Hopcroft’s Problem, Log-Star Shaving, 2D Fractional Cascading, and Decision Trees

We revisit Hopcroft’s problem and related fundamental problems about geometric range searching. Given n points and n lines in the plane, we show how to count the number of point-line incidence pairs or the number of point-above-line pairs in O(n^4/3) time, which matches the conjectured lower bound and improves the best previous time bound of \(n^{4/3}2^{O(\log ^*n)} \) obtained almost 30 years ago by Matoušek.

We describe two interesting and different ways to achieve the result: the first is randomized and uses a new 2D version of fractional cascading for arrangements of lines; the second is deterministic and uses decision trees in a manner inspired by the sorting technique of Fredman (1976). The second approach extends to any constant dimension.

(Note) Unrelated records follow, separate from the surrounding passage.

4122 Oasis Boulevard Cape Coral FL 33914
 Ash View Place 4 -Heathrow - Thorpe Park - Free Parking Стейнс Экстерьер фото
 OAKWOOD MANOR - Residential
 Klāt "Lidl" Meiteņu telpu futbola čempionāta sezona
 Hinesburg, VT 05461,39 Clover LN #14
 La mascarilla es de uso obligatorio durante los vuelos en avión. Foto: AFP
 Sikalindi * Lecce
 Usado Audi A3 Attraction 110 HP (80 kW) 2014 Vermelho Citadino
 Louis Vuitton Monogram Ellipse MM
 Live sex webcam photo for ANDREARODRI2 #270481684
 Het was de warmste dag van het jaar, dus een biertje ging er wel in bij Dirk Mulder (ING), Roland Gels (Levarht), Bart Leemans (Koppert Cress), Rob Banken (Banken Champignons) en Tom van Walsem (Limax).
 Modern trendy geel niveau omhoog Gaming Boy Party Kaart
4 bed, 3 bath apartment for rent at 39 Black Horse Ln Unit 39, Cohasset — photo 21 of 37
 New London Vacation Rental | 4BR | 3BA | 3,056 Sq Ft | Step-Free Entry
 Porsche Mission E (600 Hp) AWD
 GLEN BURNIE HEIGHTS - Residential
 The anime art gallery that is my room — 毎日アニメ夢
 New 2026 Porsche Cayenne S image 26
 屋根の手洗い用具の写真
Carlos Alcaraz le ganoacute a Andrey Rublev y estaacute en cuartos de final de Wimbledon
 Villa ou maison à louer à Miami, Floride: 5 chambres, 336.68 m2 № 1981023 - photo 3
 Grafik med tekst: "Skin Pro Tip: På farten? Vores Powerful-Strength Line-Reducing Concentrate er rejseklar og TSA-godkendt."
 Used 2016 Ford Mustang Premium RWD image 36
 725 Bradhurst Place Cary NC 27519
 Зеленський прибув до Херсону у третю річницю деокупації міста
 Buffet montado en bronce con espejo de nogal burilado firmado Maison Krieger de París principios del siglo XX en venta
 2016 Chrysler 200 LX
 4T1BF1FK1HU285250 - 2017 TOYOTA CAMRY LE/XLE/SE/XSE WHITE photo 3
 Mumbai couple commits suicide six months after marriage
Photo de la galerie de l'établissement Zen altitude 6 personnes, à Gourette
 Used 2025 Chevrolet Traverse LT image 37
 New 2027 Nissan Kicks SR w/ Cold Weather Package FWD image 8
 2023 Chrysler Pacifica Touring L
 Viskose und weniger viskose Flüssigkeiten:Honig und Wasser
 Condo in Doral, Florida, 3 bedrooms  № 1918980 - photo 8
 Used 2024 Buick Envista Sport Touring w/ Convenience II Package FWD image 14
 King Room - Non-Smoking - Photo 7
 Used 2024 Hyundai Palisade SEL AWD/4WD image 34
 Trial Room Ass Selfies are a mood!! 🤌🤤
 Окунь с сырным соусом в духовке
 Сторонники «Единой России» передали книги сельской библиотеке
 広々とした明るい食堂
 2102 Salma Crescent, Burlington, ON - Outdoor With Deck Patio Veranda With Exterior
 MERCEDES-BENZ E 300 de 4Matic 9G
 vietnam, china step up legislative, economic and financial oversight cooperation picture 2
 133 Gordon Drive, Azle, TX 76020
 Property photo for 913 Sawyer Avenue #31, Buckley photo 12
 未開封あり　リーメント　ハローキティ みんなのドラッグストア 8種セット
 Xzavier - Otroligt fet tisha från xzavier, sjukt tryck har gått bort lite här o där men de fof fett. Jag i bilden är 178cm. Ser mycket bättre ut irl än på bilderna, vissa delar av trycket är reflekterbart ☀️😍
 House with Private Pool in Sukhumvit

Many consequences follow from these new ideas: for example, we obtain an O(n^4/3)-time algorithm for line segment intersection counting in the plane, O(n^4/3)-time randomized algorithms for distance selection in the plane and bichromatic closest pair and Euclidean minimum spanning tree in three or four dimensions, and a randomized data structure for halfplane range counting in the plane with O(n^4/3) preprocessing time and space and O(n^1/3) query time.